Consider a more performant homepage #1640

Open madwort opened 1 year ago

madwort commented 1 year ago

The homepage of this project https://www.opencodelists.org/ currently takes an average of 2.5-3 seconds to load - see honeycomb bubbleup identifying characteristics of slow pages and honeycomb average duration of homepage. This is also the page that freshping frequently requests to verify the site is online. I can see that there are advantages to having a detailed selection of data on the homepage (for instance, to show off to new visitors, and so that freshping also acts as functional test), but it might also be good for regular visitors to find a snappy, responsive site to get to the information they're looking for quicker & to reduce the load required to run freshping.
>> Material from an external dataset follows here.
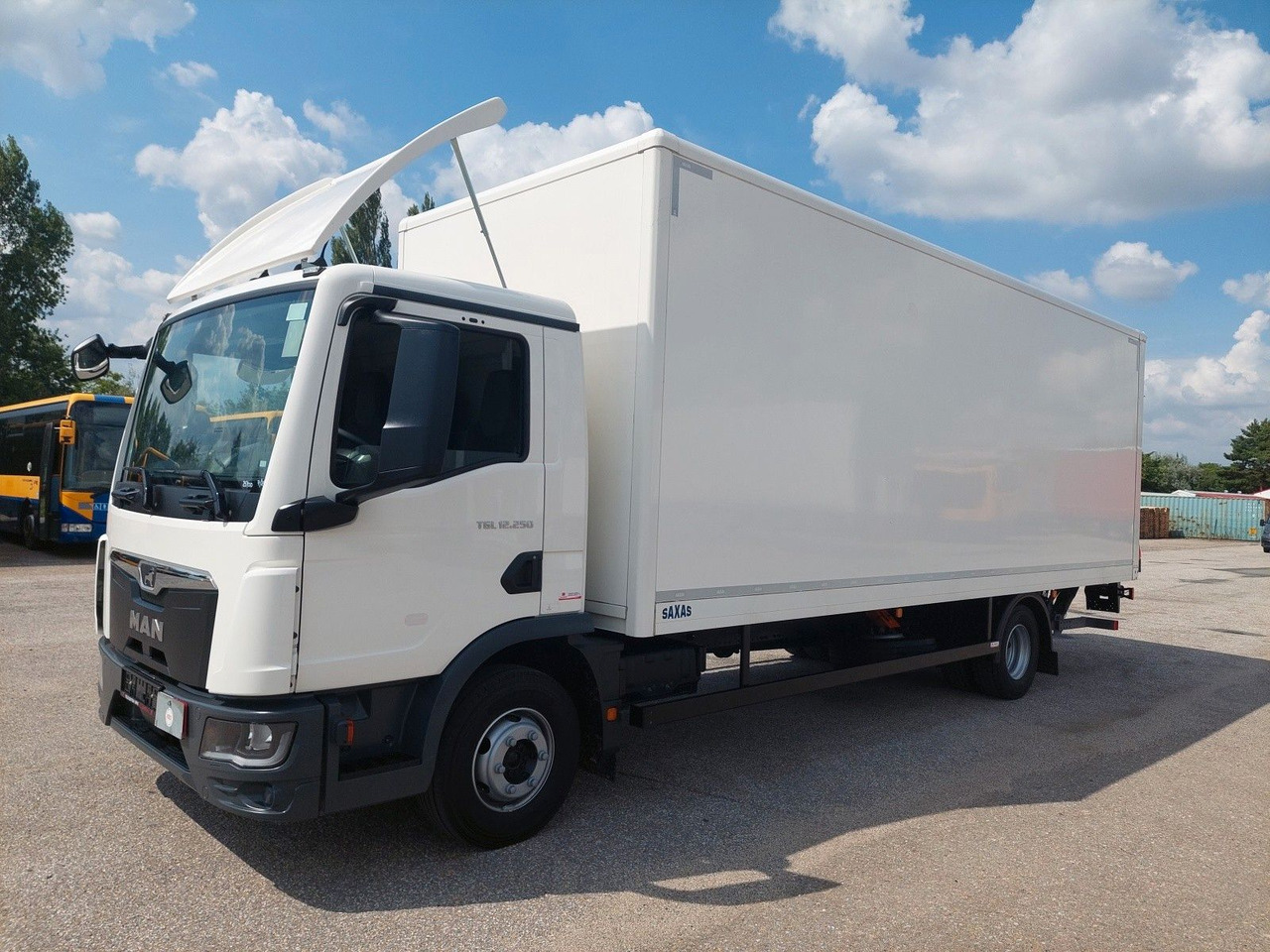 MAN TGL 12.250 BL CH 4x2 LBW 17 Palleten - Kamion sa zatvorenim sandukom: slika 1 MAN TGL 12.250 BL CH 4x2 LBW 17 Palleten - Kamion sa zatvorenim sandukom: slika 1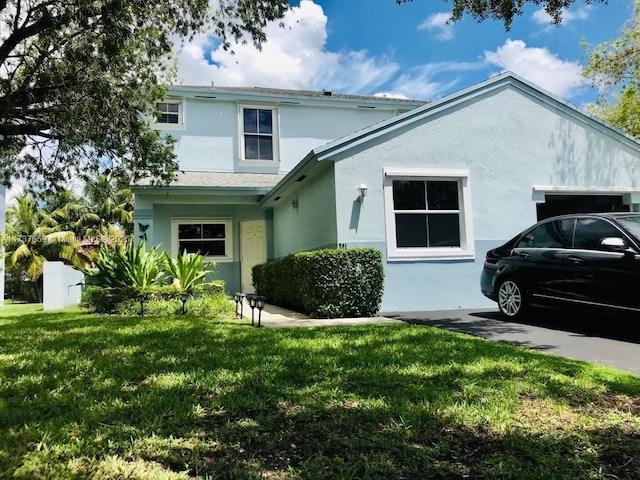 view of front of house featuring a front yard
(nb. I consider 'willnotfix' a valid response to this ticket)

inglesp commented 1 year ago

Thanks. We're not going to get to this anytime soon.

Jongmassey commented 1 month ago

profiling the index view:

>>> import time
>>> start = time.time()
>>> handles = Handle.objects.filter(is_current=True, codelist__is_private=False)
>>> end = time.time()
>>> print(end-start)
0.001859903335571289
>>> start = time.time()
>>> handles = handles.order_by("name")
>>> end = time.time()
>>> print(end-start)
0.0012235641479492188
>>> start = time.time()
>>> codelists = _all_published_codelists(handles)
>>> end = time.time()
>>> print(end-start)
17.353341102600098

it's clear that L32 is the culprit.

Jongmassey commented 1 month ago

Where there is no search query or organisation_slug the index page pulls in all 7384 Handles and then iterates them, finding the codelist for each one

def _all_published_codelists(handles):
    return [
        handle.codelist
        for handle in handles
        if handle.codelist.has_published_versions()
    ]

These 7384 trips to the database are quite slow, especially when only 15 codelists are displayed on the page.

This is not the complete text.